Gedung Candra Naya dibangun pada abad ke-19, dan merupakan bekas kediaman Khouw Kim An, Mayor Tionghoa ke-5 dan terakhir di Indonesia. Bangunan bergaya arsitektur Tionghoa kuno tersebut menjadi salah satu saksi sejarah masyarakat Tionghoa di Indonesia, dan telah resmi terdaftar sebagai cagar budaya nasional sejak tahun 1990.

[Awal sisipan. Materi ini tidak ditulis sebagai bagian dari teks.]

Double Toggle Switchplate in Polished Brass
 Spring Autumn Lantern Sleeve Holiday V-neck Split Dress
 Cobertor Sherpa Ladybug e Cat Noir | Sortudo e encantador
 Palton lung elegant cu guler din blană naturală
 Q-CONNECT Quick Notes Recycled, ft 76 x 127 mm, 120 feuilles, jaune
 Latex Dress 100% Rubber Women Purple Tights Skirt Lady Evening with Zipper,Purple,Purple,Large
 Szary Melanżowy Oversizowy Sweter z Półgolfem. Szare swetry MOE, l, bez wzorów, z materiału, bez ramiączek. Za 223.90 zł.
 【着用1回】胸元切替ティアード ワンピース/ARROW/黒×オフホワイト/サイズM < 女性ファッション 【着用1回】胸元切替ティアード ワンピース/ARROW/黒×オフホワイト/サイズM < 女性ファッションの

Dalam acara bedah buku “Rumah Mayor Tionghoa di Jakarta (Pasca Pemugaran)” yang digelar pada 3 Juni lalu, penulis buku Prof. Naniek Widayati menceritakan kisah tentang pemugaran maupun pasca pemugaran rumah mayor Tionghoa di Jakarta. Naniek mengatakan bahwa buku tersebut didedikasikan bagi komunitas dan pemerhati Tionghoa Indonesia.

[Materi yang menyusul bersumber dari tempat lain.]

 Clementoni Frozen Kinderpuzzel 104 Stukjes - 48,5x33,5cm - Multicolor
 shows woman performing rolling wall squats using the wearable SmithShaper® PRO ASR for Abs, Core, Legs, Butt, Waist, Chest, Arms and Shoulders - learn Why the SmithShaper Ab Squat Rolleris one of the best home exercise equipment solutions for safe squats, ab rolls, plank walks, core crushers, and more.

Naniek juga menegaskan bahwa motivasi awal dalam menulis buku tersebut adalah menyampaikan dan mengedukasi masyarakat serta generasi yang akan datang terkait latar belakang dan sejarah gedung Candra Naya. Naniek menambahkan, di era globalisasi dengan teknologi maju seperti sekarang, masyarakat harus terus memperkuat lokalisme, baik dari kebiasaan, budaya, maupun peninggalan bangunan budaya.
Sementara itu, Ng Andre Hutama selaku pembahas buku tersebut mengatakan gedung Candra Naya merupakan peninggalan arsitektur yang penuh kenangan, dan kini telah menjadi bangunan cagar budaya bersejarah. Andre juga mengatakan bahwa perjuangan Profesor Naniek Widayati bersama tim konservasinya terhadap bangunan ini patut diapresiasi.
Khouw Kim An adalah seorang pengusaha dan birokrat Tionghoa Indonesia. Pada masa penjajahan Belanda, Khouw Kim An diangkat sebagai mayor Tionghoa, dan bertanggung jawab menjaga kepentingan masyarakat Tionghoa setempat. Profesor Naniek Widayati menganggap sosok Khouw Kim An sebagai seorang pahlawan. Selain kaya dan berpendidikan, Khouw Kim An juga banyak berkontribusi terhadap masyarakat, sehingga layak dijadikan panutan oleh generasi mendatang.